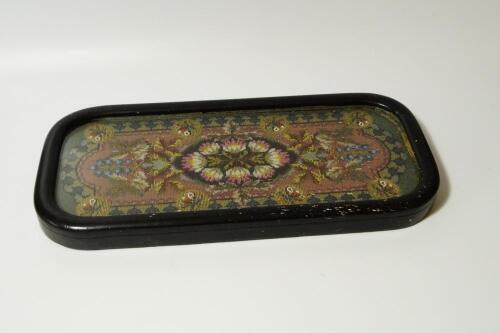 A Victorian beadwork tray stand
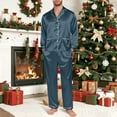 thumbnail image 3 of RUTAYY Family Matching Pajamas Long Sleeve Silk Satin Sleepwear Solid Color Loungewear Tops and Pants Soft Comfortable Classic Versatile Sets, 3 of 7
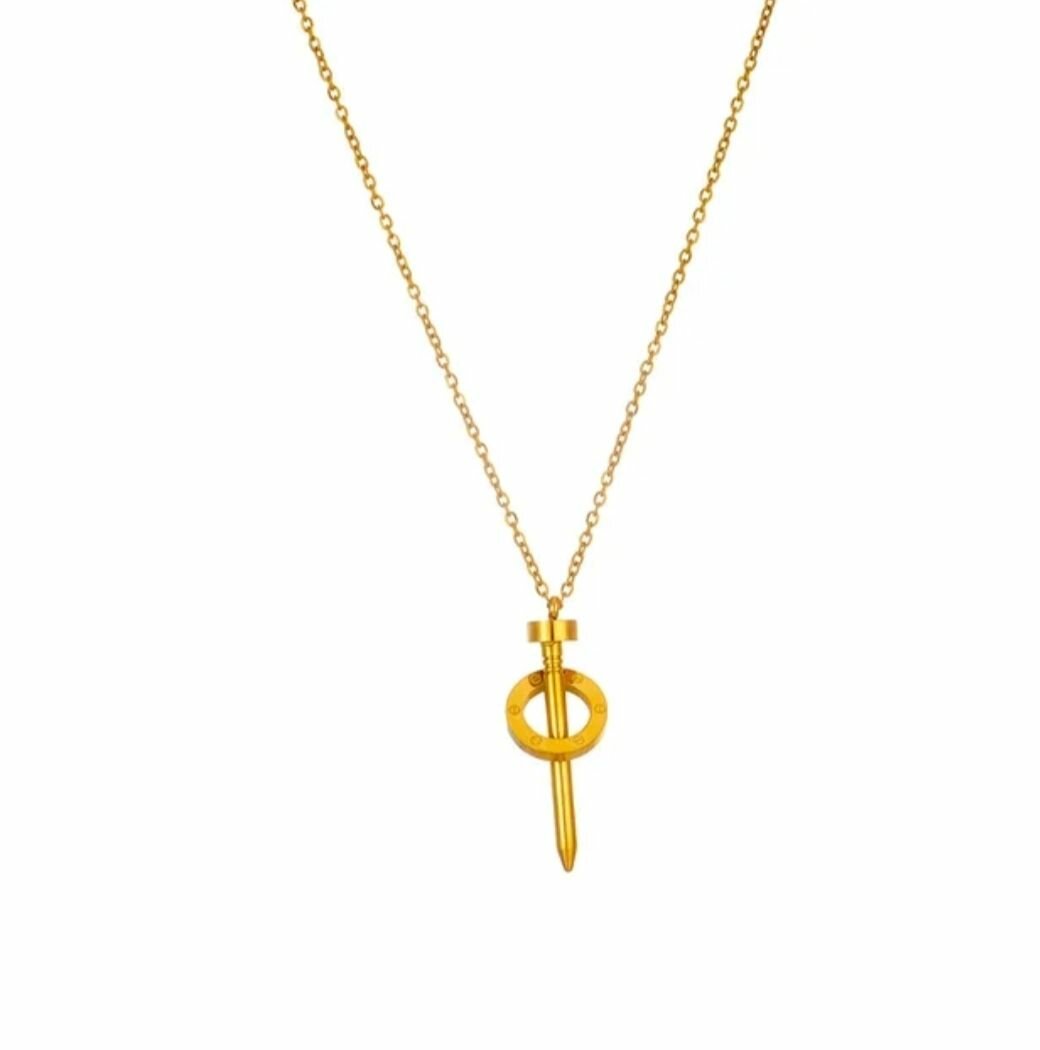 Gold Nail Pendant Necklace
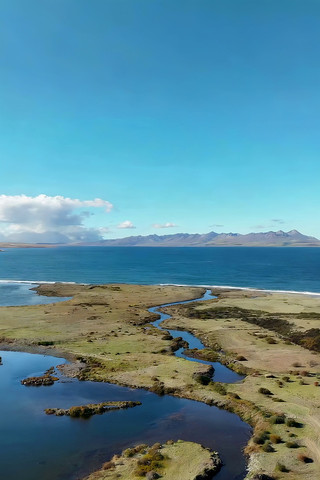 高原湖泊自然风光俯瞰 高原湖泊自然风光俯瞰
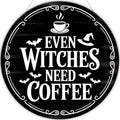 Off-White Gothic Witchy Wooden Hanging Door Sign Halloween Decor
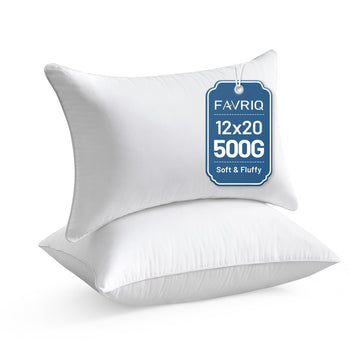12 x 20 Throw Pillows with 100% Cotton Cover(Set of 2), Lumbar Support Pillow for Chair Bed Car, Rectangle Square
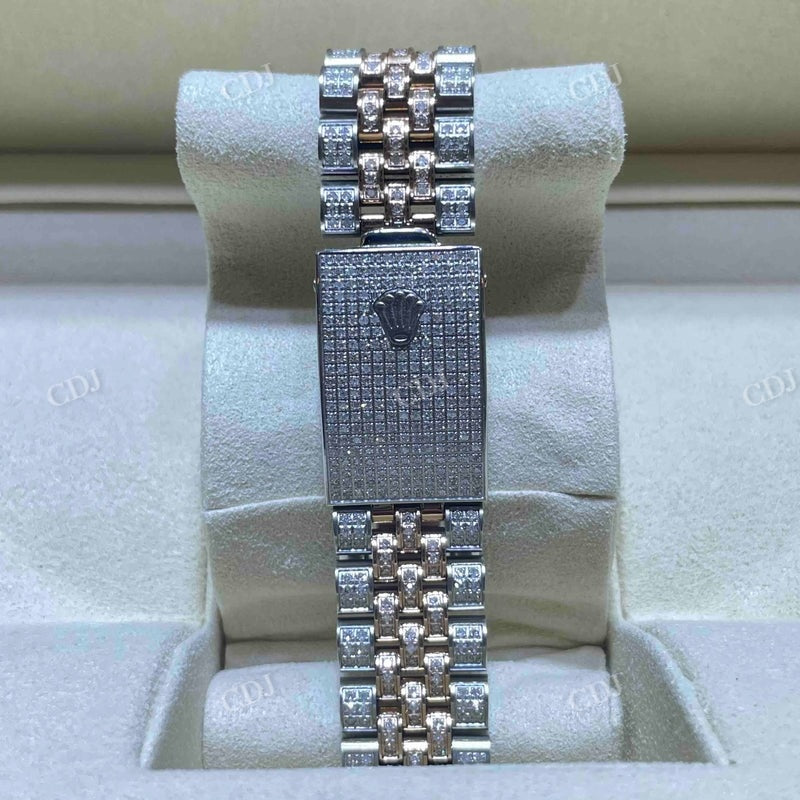 Moissanite Diamond 36mm Brown Dial Rolex Watch customdiamjewel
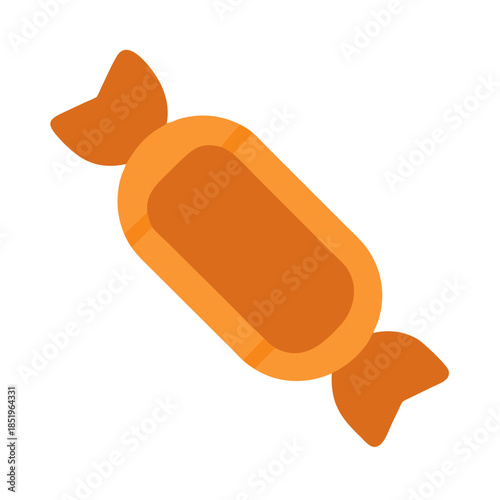 Orange wrapped candy on white background in flat design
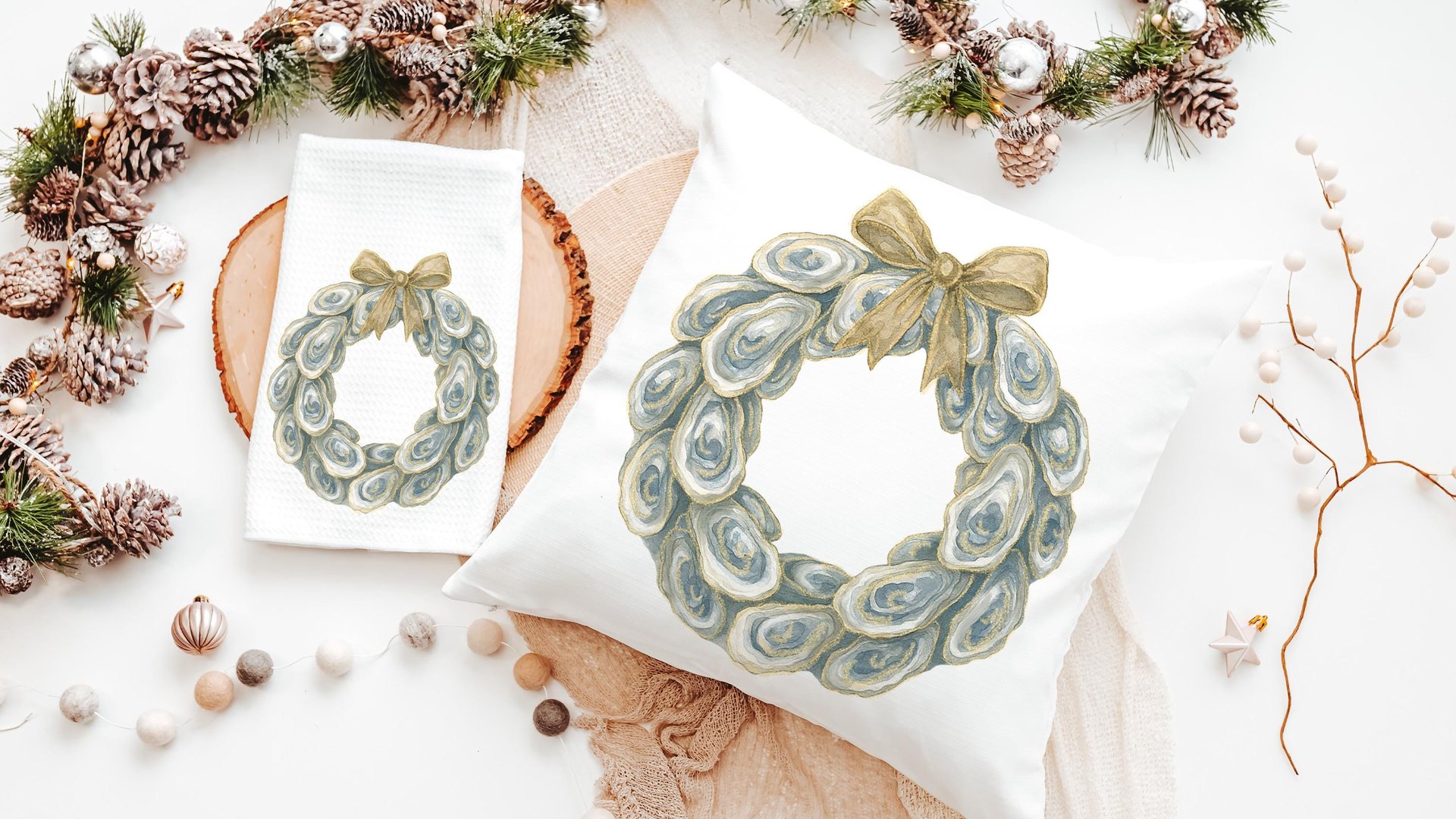 oyster shell Christmas wreath decorative pillows for couch, coastal Christmas throw pillow covers 18 x 18, oyster Christmas home decor gifts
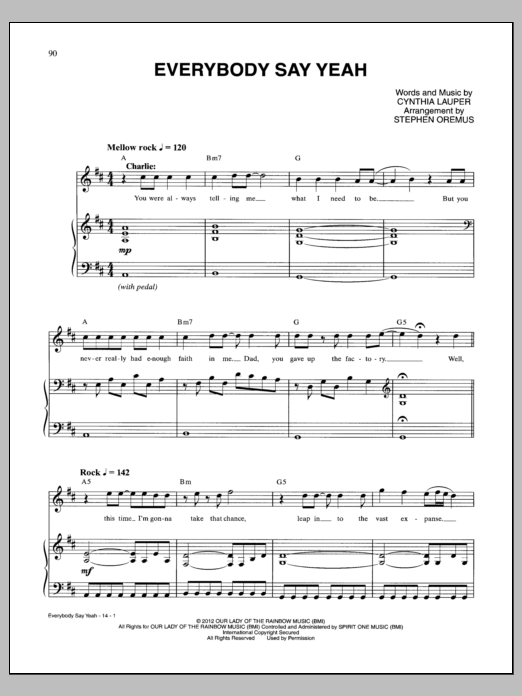 Learn to play Cynthia Lauper Everybody Say Yeah sheet music for Piano & Vocal in minutes. Cynthia Lauper Everybody Say Yeah sheet music notes and chords. Download Printable PDF.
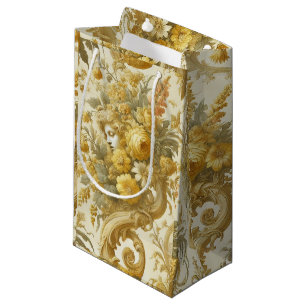 Guilt of Gold – Baroque Floral Pillow Small Gift Bag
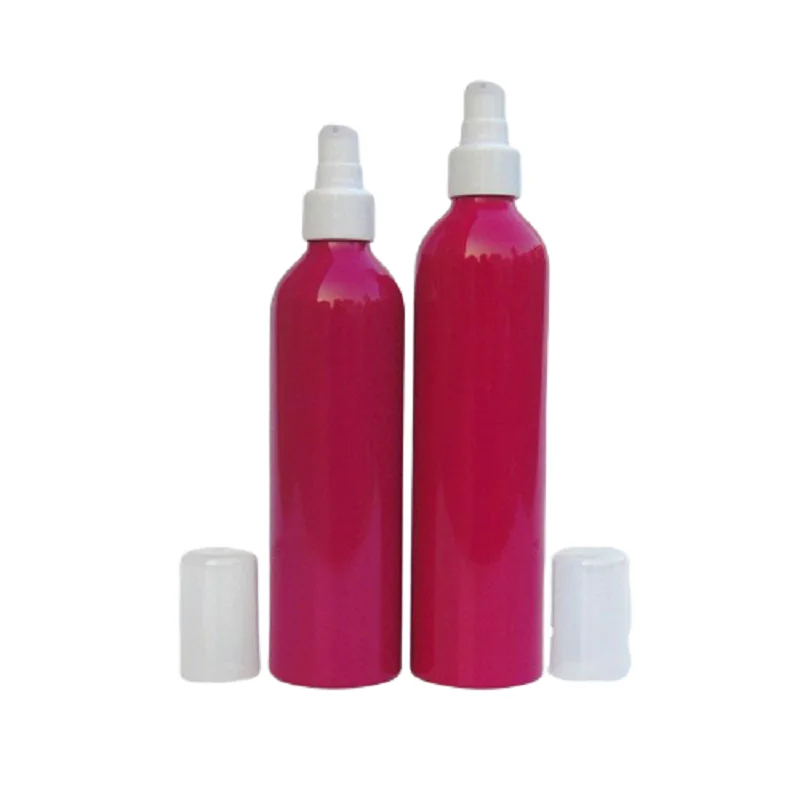 

150ml 200ml 250ml 300ml 5pcs/lot Refillable Rose Red Aluminum Cosmetics Lotion Bottle Press Pump Emulsion Packaging Container
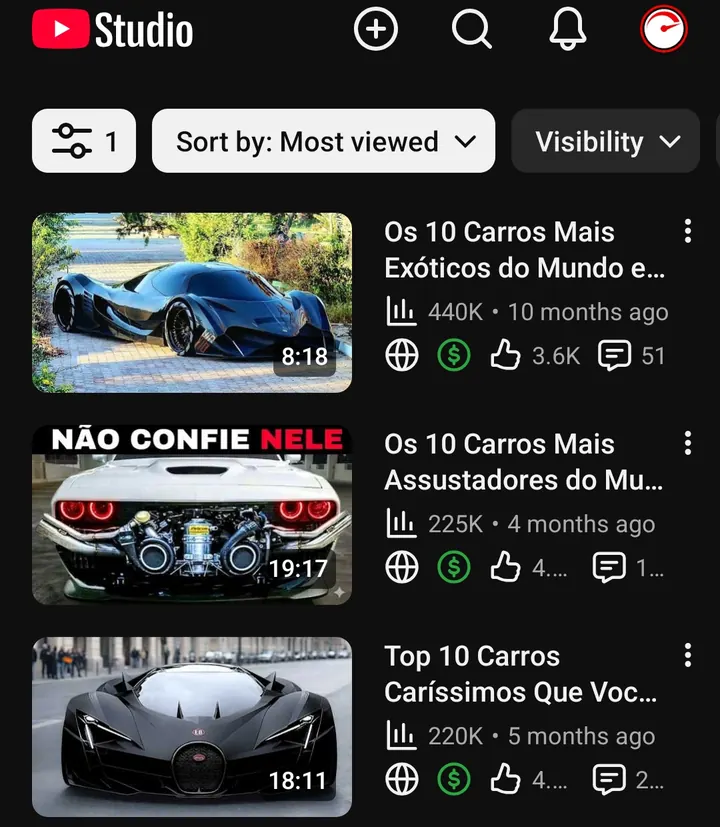 YouTube Studio do Nitrosfera: vídeos mais vistos com 440 mil, 225 mil e 220 mil visualizações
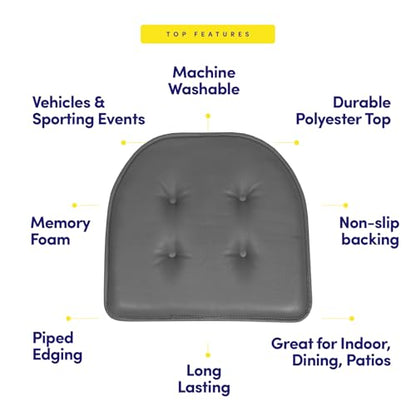 Sweet Home Collection Chair Cushion Memory Foam Pads Tufted Slip Non Skid Rubber Back U-Shaped 17" x 16" Seat Cover, 4 Count (Pack of 1), Faux Leather Gray - color: Faux Leather Gray, size: 4 Pack, style: Foam Pads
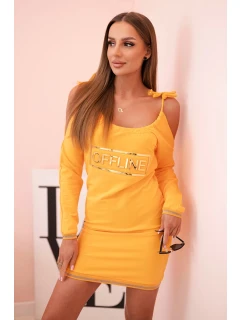 Dámské šaty s 3/4 rukávy a krajkou na zádech fango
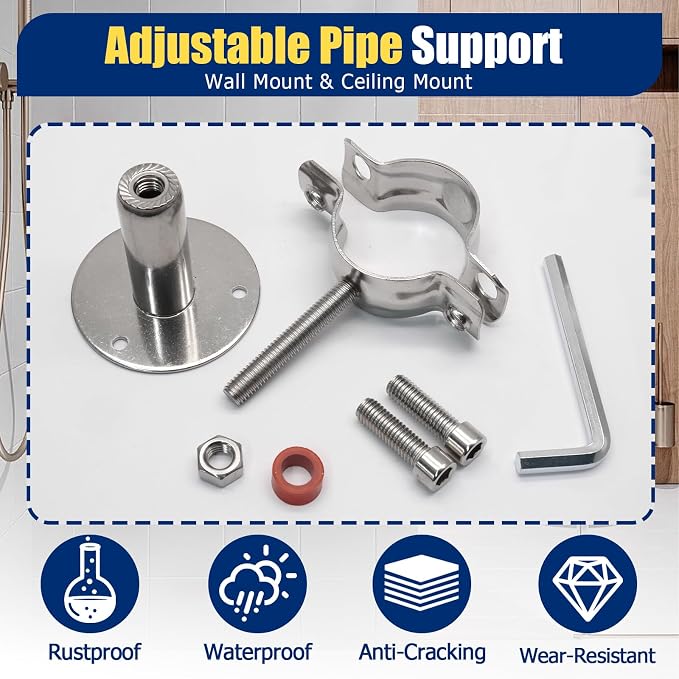 2pcs Adjustable Pipe Support Bracket, 1-1/2 Inch Pipe Clamp | Stainless Steel - Image 5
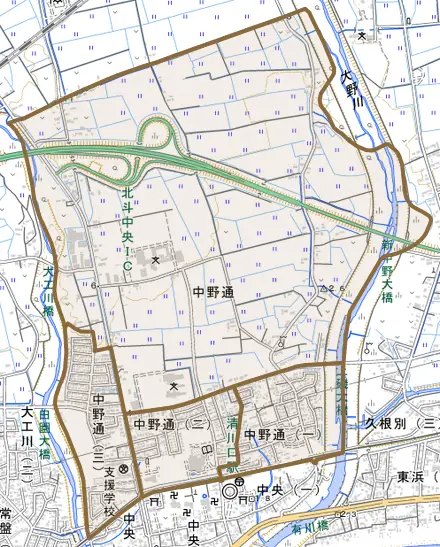 中野通とその周辺の地図。町の範囲を重ねている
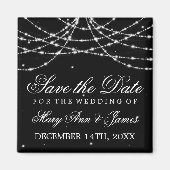 Elegant Save the Date Sparkling String Black Magnet (Vorne)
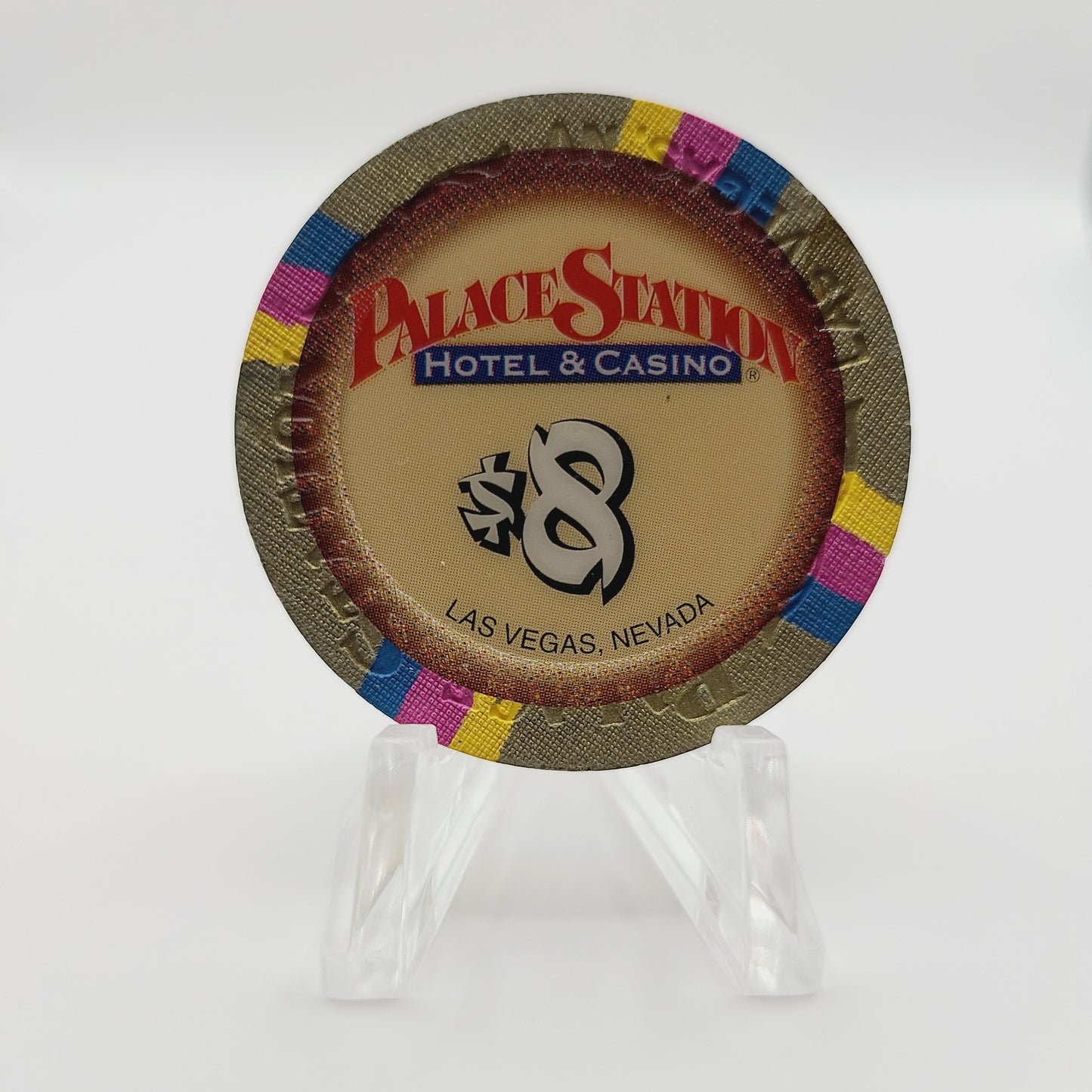 Palace Station Hotel Casino Las Vegas Nevada 2001 $8 Casino Chip V6506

++++++

* Activity
Write out the listing word for word, omitting the pictures it holds.

* Expected answer
 A Victorian beadwork tray stand
 thumbnail image 3 of RUTAYY Family Matching Pajamas Long Sleeve Silk Satin Sleepwear Solid Color Loungewear Tops and Pants Soft Comfortable Classic Versatile Sets, 3 of 7
 Gold Nail Pendant Necklace
 高原湖泊自然风光俯瞰 高原湖泊自然风光俯瞰
 Off-White Gothic Witchy Wooden Hanging Door Sign Halloween Decor
12 x 20 Throw Pillows with 100% Cotton Cover(Set of 2), Lumbar Support Pillow for Chair Bed Car, Rectangle Square
 Moissanite Diamond 36mm Brown Dial Rolex Watch customdiamjewel
 Orange wrapped candy on white background in flat design
 oyster shell Christmas wreath decorative pillows for couch, coastal Christmas throw pillow covers 18 x 18, oyster Christmas home decor gifts
 Learn to play Cynthia Lauper Everybody Say Yeah sheet music for Piano & Vocal in minutes. Cynthia Lauper Everybody Say Yeah sheet music notes and chords. Download Printable PDF.
 Guilt of Gold – Baroque Floral Pillow Small Gift Bag

150ml 200ml 250ml 300ml 5pcs/lot Refillable Rose Red Aluminum Cosmetics Lotion Bottle Press Pump Emulsion Packaging Container
 YouTube Studio do Nitrosfera: vídeos mais vistos com 440 mil, 225 mil e 220 mil visualizações
 Sweet Home Collection Chair Cushion Memory Foam Pads Tufted Slip Non Skid Rubber Back U-Shaped 17" x 16" Seat Cover, 4 Count (Pack of 1), Faux Leather Gray - color: Faux Leather Gray, size: 4 Pack, style: Foam Pads
 Dámské šaty s 3/4 rukávy a krajkou na zádech fango
 2pcs Adjustable Pipe Support Bracket, 1-1/2 Inch Pipe Clamp | Stainless Steel - Image 5
 中野通とその周辺の地図。町の範囲を重ねている
 Elegant Save the Date Sparkling String Black Magnet (Vorne)
 Palace Station Hotel Casino Las Vegas Nevada 2001 $8 Casino Chip V6506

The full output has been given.